By Kalvin Valdillez, Tulalip News
Did you know that there is a program that helps with resources, education, and general support designed specifically for Tulalip tribal families living with children? If not, you’re not alone as the program is still relatively new. A division of beda?chelh, the young program is spreading the word about their services and what they can offer Tribal families.
Stated beda?chelh manager, Natasha Fryberg, “I want to bring forth our FIT team to start getting more resources out in the community so we can create positive engagement with potential clients and families.”
The Family Intervention Team, or FIT, currently consists of two social workers, Lena Hoeflich and Kayleigh Canby, who are dedicated to aiding Tulalip families by helping them along their journey through tough times. Whether you are a single pregnant mother or a family dealing with a rebellious teen, they are available and ready to help support you and provide any services or needs you may require.

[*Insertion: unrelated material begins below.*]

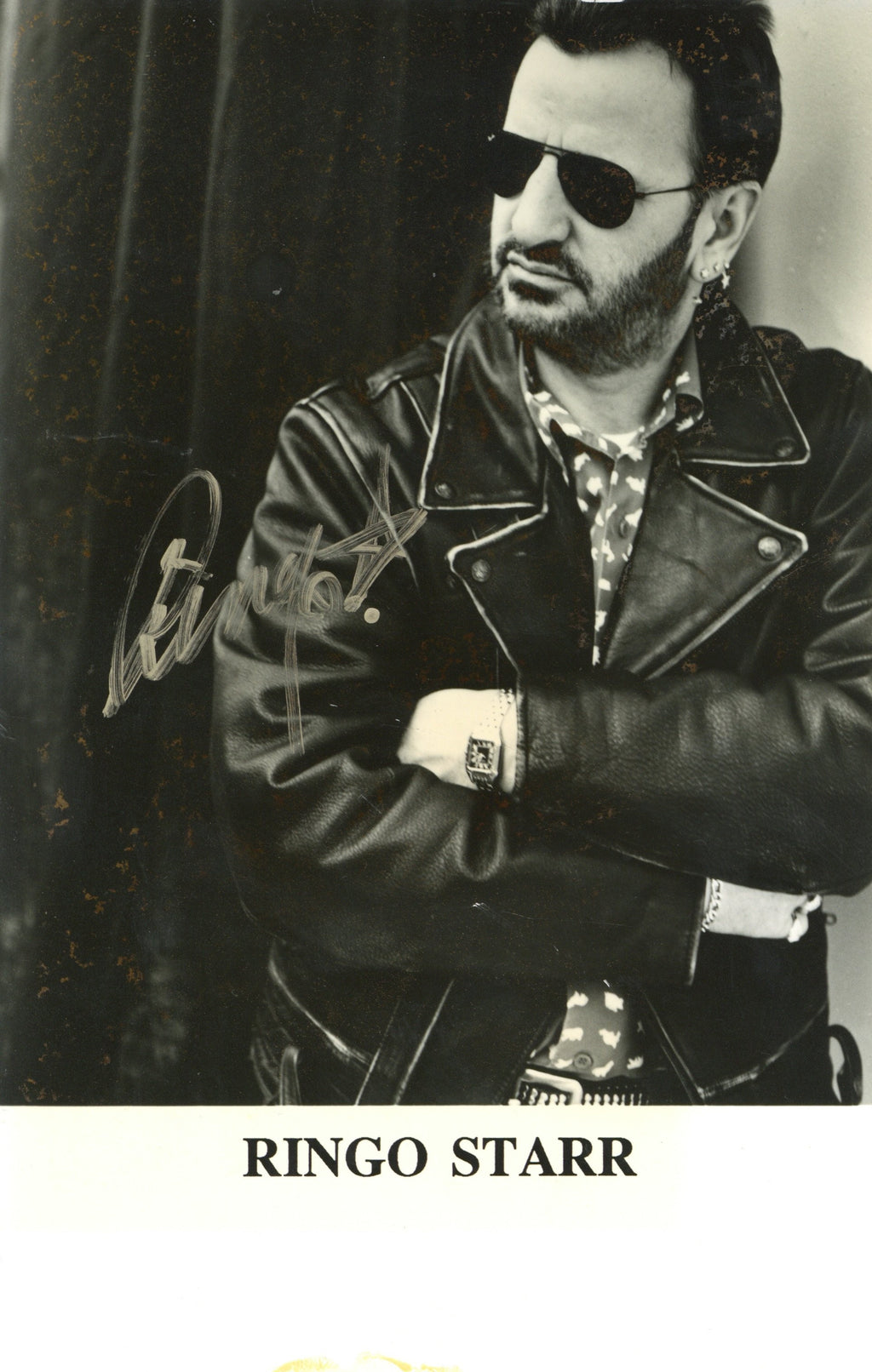 Ringo Starr Signed Black and White Photograph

“I always describe it to clients as a voluntary program,” said Kayleigh. “Our goal is to kind of bolster the family, or bring in supports, to help them be successful in whatever they want to do. Usually, the goal is to try and keep their families together and we bring in those supports to help them be successful. We support parents, we support children, we support everybody.”
The FIT mission is to achieve immediate and lasting positive change for families, in the best interest of the children, whether you live on or off the reservation. FIT makes it their priority to see that you receive assistance and will refer you to a program, professional or specialist who will provide you with further care.
Lena explains, “We try to bridge a gap that a family might be experiencing, a hardship – whatever that may be. We meet with families and it is family-led. It’s not prescriptive, because it just depends on whatever the family needs, and whatever they’re going through at that time. For example, if someone calls and says this person was driving and their kid wasn’t in a car seat, we can come in and ask if we can educate them on the necessity of a car seat. Can we provide them with a car seat? We can ask, what else do they need? Do they need groceries? Do they need help paying bills? Do their kids need assistance being set up in online schooling?”
Some resources and services that FIT assists families with include parenting skills, housing, food and nutrition, domestic violence, independent living skills, chemical dependency, teen support and mental health.
“If a family is experiencing a really difficult time with their teenager, we work with them and get them set-up with Family Haven. We will work with them before, during, and after they have those intervention services, just to make sure that everything is continuing to go well. Or we might work with families who may have difficulty paying a bill. We look to see if there are resources within the Tribe or within the state or Snohomish County, just to try to find different ways to help,” said Lena.
Kayleigh added, “I have a mom that I’m working with right now and I’m trying to help her find a mental health counselor. At the same time, I reached out to a couple different agencies locally, she’s a pregnant mom, so she needs a bed to sleep on. We do the legwork of trying to find those materials. I have another family and their children are in need of winter clothes, so we find those resources in the community to get warm clothes for those kids.”
The majority of clients and families that FIT has helped so far are referrals from Child Protective Services. However, FIT wishes to assure Tribal members that they are here for the people, and welcome any community-referred and self-referred clients. Although they are an extension of beda?chelh, their focus is to work with clients and take preventive measures and progressive steps to help keep families together.
“A lot of families have a huge support network, but there are other individuals who don’t have any support networks at all,” Kayleigh expressed. “We’re here to help support them, we are apart from CPS. We are a voluntary program, we’re not going to hunt you down or tell you what to do. I think that’s the biggest message is that we’re just here to help, we’re here to raise-up the community in the ways that they want.”
Lena agreed, saying, “I think that’s a distinction that we’re trying hard to make people understand, because when we do call and say we’re a new program with beda?chelh, that usually closes the door immediately. We’re very different. The whole point of our program is to prevent families from having interventions or any interaction, really, with CPS or the court systems. We’ll work with any family who we think would be a good ‘fit’ in the program.”